Wie die Aufgabe zu lösen ist:
Es wird empfohlen, die Aufgabe zuerst mit Hilfe von Generizität zu lösen und in einem weiteren Schritt eine homogene Übersetzung der Generizität (wie im Skriptum beschrieben) händisch durchzuführen.
Durch diese Vorgehensweise erreichen Sie eine statische Überprüfung der Korrektheit vieler Typumwandlungen und vermeiden den unnötigen Verlust an statischer Typsicherheit.
Zur Lösung dieser Aufgabe ist die Verwendung von Typumwandlungen ausdrücklich erlaubt.
Versuchen Sie trotzdem, die Anzahl der Typumwandlungen klein zu halten und so viel Typinformation wie möglich statisch vorzugeben.
Das hilft Ihnen dabei, die Lösung überschaubar zu halten und einen unnötigen Verlust an statischer Typsicherheit zu vermeiden.
Gehen Sie auch möglichst sparsam mit dynamischen Typabfragen und Ausnahmebehandlungen um.
Achten Sie darauf, dass Sie Divisionen durch 0 vermeiden.

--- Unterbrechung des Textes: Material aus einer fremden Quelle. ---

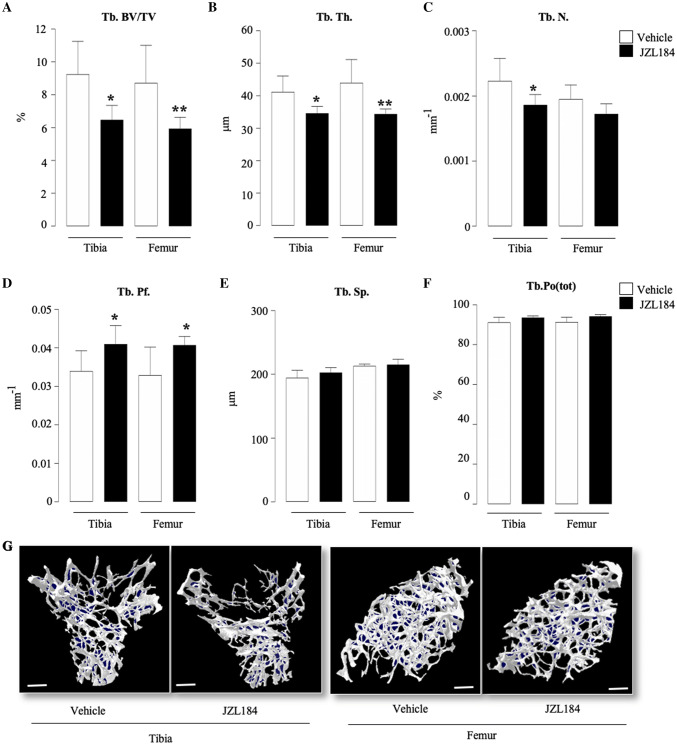 JZL184 induces trabecular bone loss in mice bearing MM. Trabecular bone parameters at the tibial and femoral metaphysis of 8 weeks old adult C57BL/6KalWRij mice treated with vehicle (0.01% DMSO) (n = 8) or JZL184 (16 mg/kg, thrice-weekly) (n = 8 per group) for 21 days post injection of mouse 5TGM1-GFP MM cells (106 cells/mouse). Trabecular bone volume (BV/TV, panel a), trabecular thickness (Tb.Th, panel b), trabecular number (Tb.N, panel c), trabecular pattern factor (Tb. Pf, panel d), trabecular separation (Tb.S, panel e) and trabecular porosity (Ct.Po(tot), panel f) were assessed by microCT. g Representative microCT images of trabecular bone from tibiae and femur of mice described in panels a–f (scale bar = 1 mm). Values are mean ± SD; *p < 0.05 and **p < 0.01 versus vehicle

Führen Sie zumindest einen Testfall ein, bei dem eine statistische Auswertung ohne entsprechende Vorkehrungen eine Exception aufgrund einer Division durch 0 auslösen würde.
Bedenken Sie, dass es mehrere sinnvolle Lösungsansätze für diese Aufgabe gibt.
Wenn Sie einmal einen gangbaren Weg gefunden haben, bleiben Sie dabei, und vermeiden Sie es, zu viele Möglichkeiten auszuprobieren.
Das könnte Ihnen viel Zeit kosten, ohne die Lösung zu verbessern.
Die Art der Verwendung eines Roboters für unterschiedene Einsatzzwecke kann sich im Laufe der Zeit ändern.
Am besten stellt man solche Beziehungen über Rollen dar:
Für jede Art von Roboter gibt es eine eigene Klasse mit den für die jeweilige Art typischen Daten, und ein gemeinsamer Obertyp ermöglicht den Zugriff auf diese Daten auf einheitliche Weise.
In jedem Roboter gibt es einen Zeiger auf die aktuelle Einsatzart (= die Rolle, die der Roboter gerade spielt).
Wenn sich die Art ändert, braucht nur dieser Zeiger neu gesetzt zu werden.
Durch geschickte Auswahl der Methoden einer Rolle sind die meisten Fallunterscheidungen vermeidbar, das heißt, Fallunterscheidungen werden durch dynamisches Binden ersetzt.
Was im Hinblick auf die Abgabe zu beachten ist:
Verzichten Sie auch bei der Lösung dieser Aufgabe auf die Verwendung von packages und Verzeichnissen innerhalb des Abgabeverzeichnisses
Gruppe/Aufgabe6.
Schreiben Sie (abgesehen von geschachtelten Klassen) nicht mehr als eine Klasse in jede Datei.